Information given:
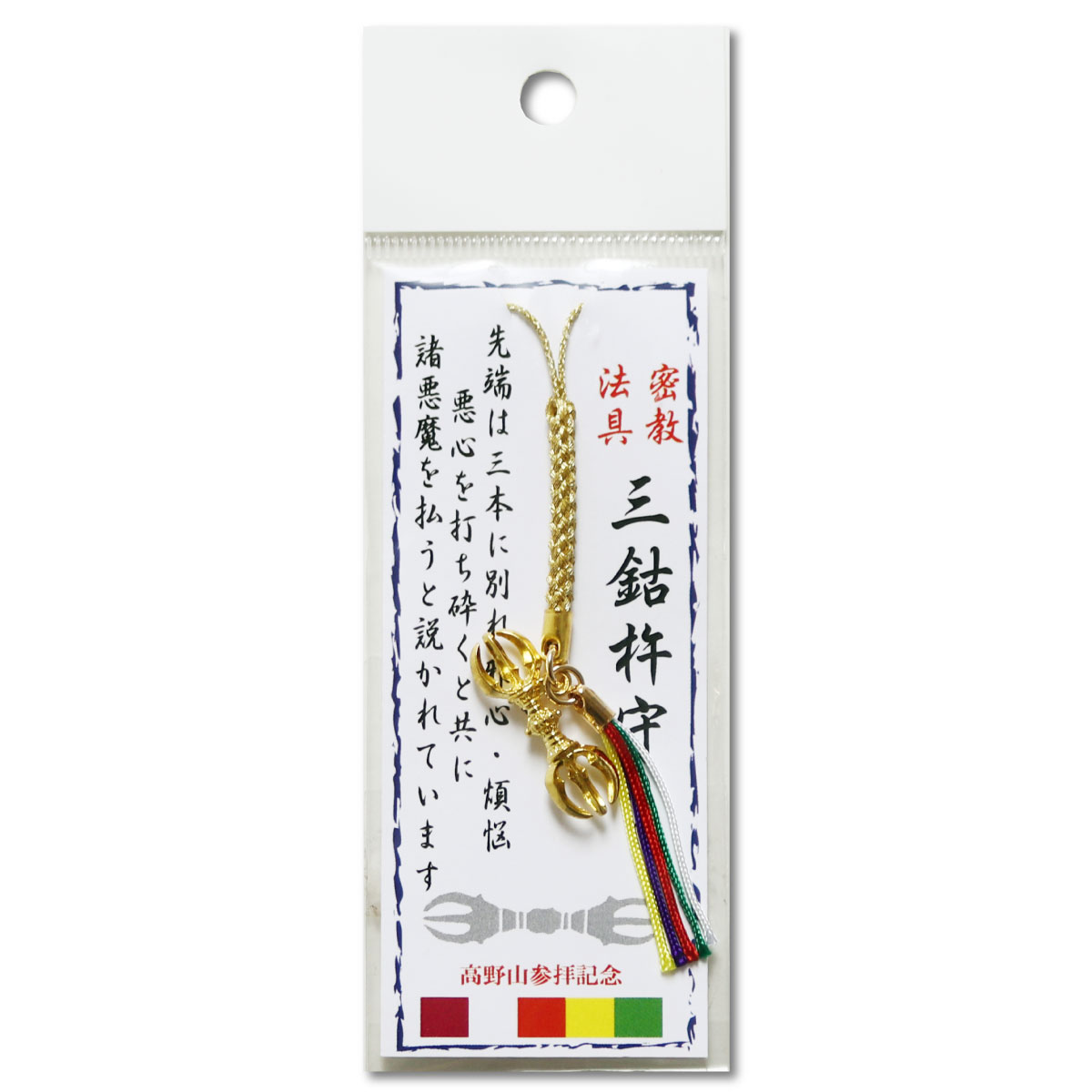 ���� ���ȥ�å� ���ڵ� ����� ̩��ˡ�� ��ɳ �޿����å����դ� ����̵�� �������� �ʢ�����̵���ϥ᡼���ؤΤߡ�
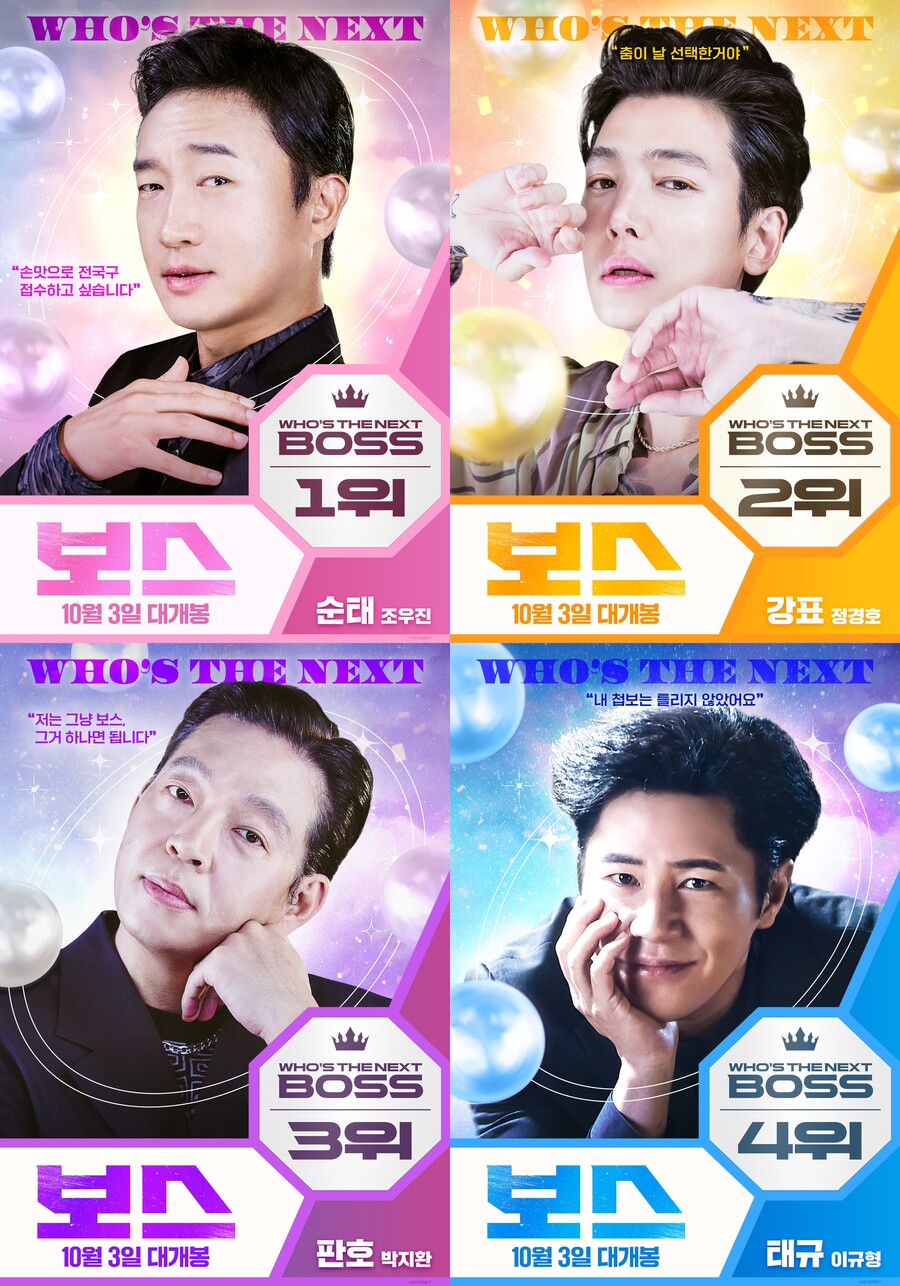 다음 보스는 누구? 추석 코미디 '보스', 10월 3일 개봉[공식]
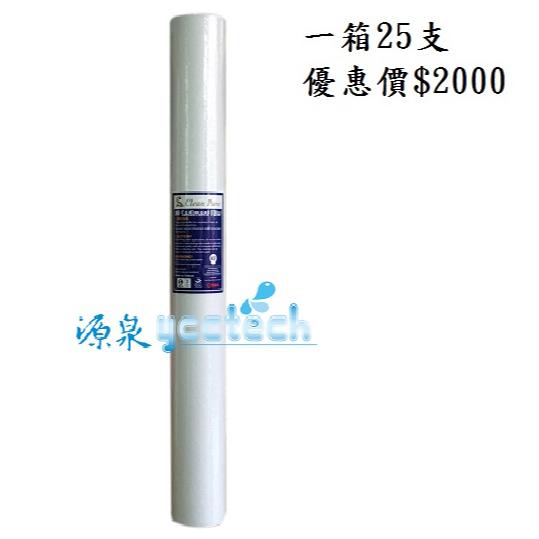 台製20英吋小胖水塔過濾器5微米纖維PP濾心@$150《台製品牌有NSF認證》●整箱25支優惠價2000元●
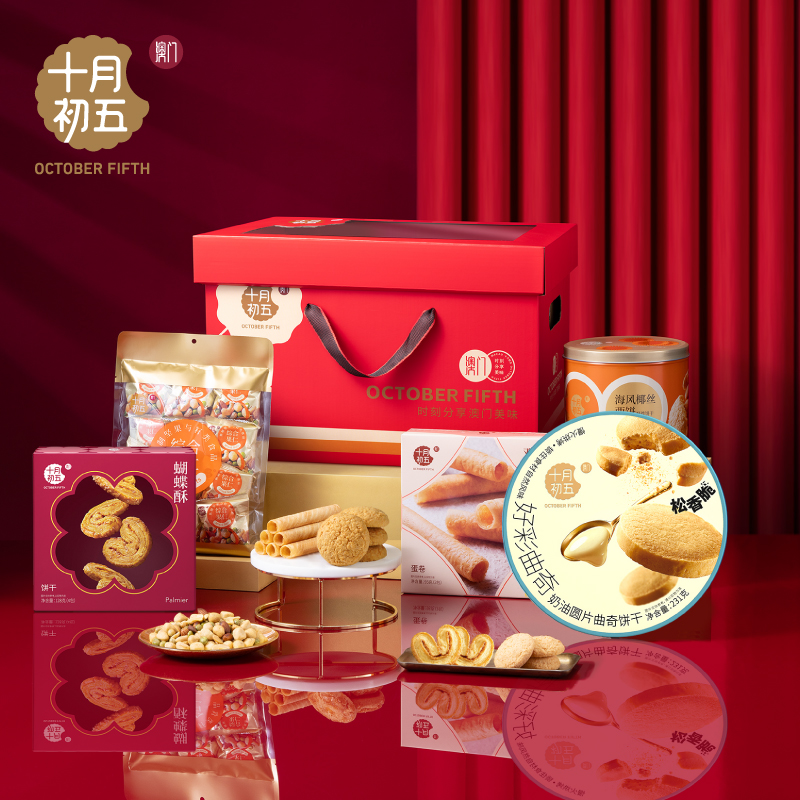 【十月初五 一箱好礼大礼盒927g】蝴蝶酥坚果蛋卷送礼心意礼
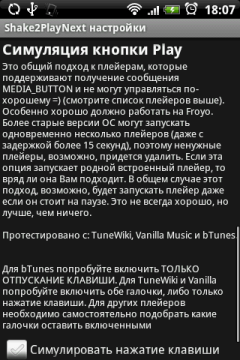 Есть и парочка возможностей обмануть телефон и плеер. Попробуйте проставить парочку лишних галочек, если ваша связка не будет работать корректно.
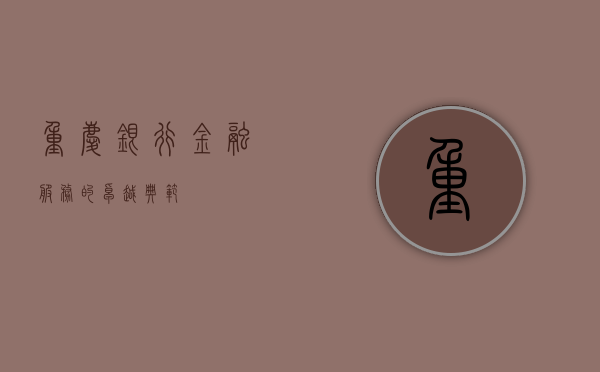 重庆银行，金融服务的卓越典范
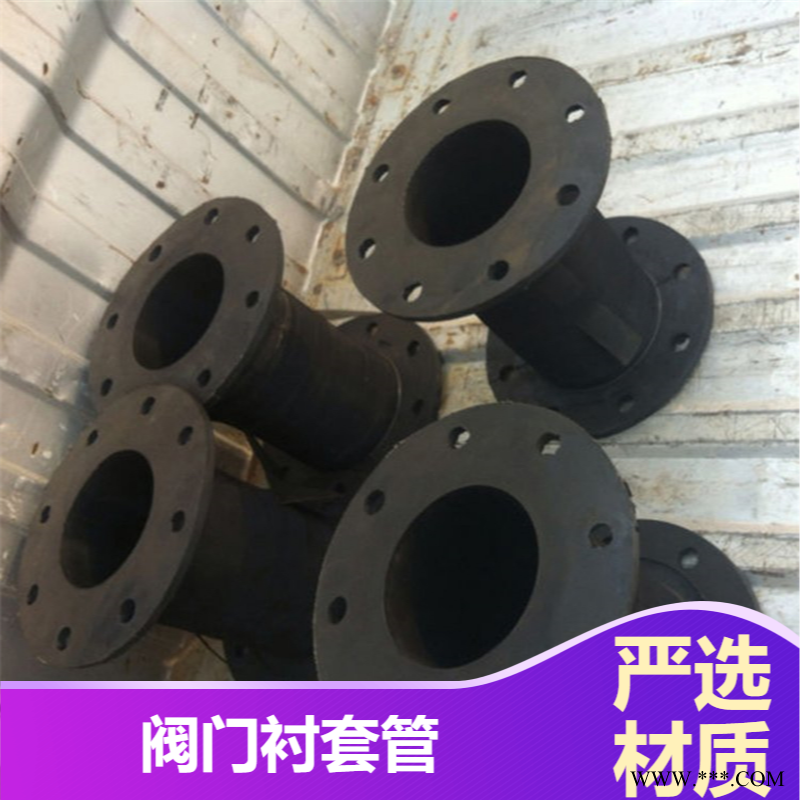 高密封性DN250阀门衬套管 冶炼行业用黑色圆柱形管夹阀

Work instruction: Leave every picture out and write out exactly the lines from the line with "다음 보스는 누구? 추석 코미디 '보스', 10월 3일 개봉[공식]" through the last line of the material.

Expected output:
 다음 보스는 누구? 추석 코미디 '보스', 10월 3일 개봉[공식]
 台製20英吋小胖水塔過濾器5微米纖維PP濾心@$150《台製品牌有NSF認證》●整箱25支優惠價2000元●
 【十月初五 一箱好礼大礼盒927g】蝴蝶酥坚果蛋卷送礼心意礼
 Есть и парочка возможностей обмануть телефон и плеер. Попробуйте проставить парочку лишних галочек, если ваша связка не будет работать корректно.
 重庆银行，金融服务的卓越典范
 高密封性DN250阀门衬套管 冶炼行业用黑色圆柱形管夹阀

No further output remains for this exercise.